EXERCISE REQUIREMENTS. For this exercise, reproduce the entries below exactly, but only from the line containing "MS license plate LCV292" through the line containing "Mit Geldbörsen Gefülltes", both included.

INPUT DATA.
↓↓↓

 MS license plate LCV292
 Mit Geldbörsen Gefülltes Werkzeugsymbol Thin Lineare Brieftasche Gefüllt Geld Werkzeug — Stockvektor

↑↑↑
↓↓↓

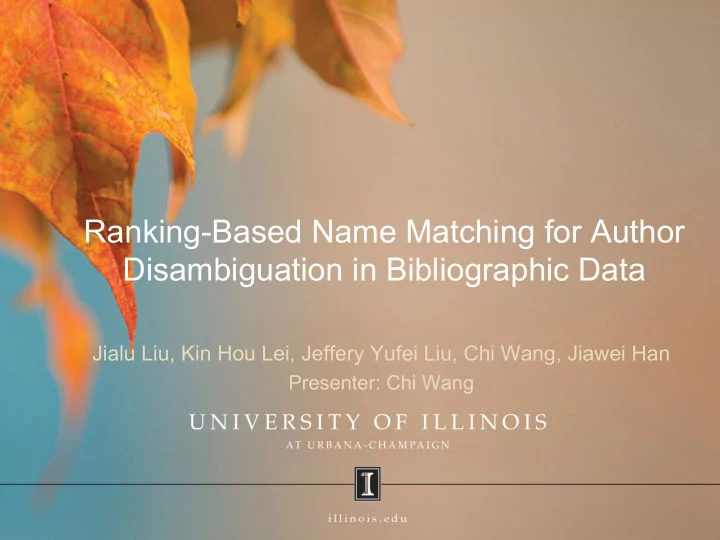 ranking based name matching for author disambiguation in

↑↑↑

WORKED SOLUTION.
 MS license plate LCV292
 Mit Geldbörsen Gefülltes Werkzeugsymbol Thin Lineare Brieftasche Gefüllt Geld Werkzeug — Stockvektor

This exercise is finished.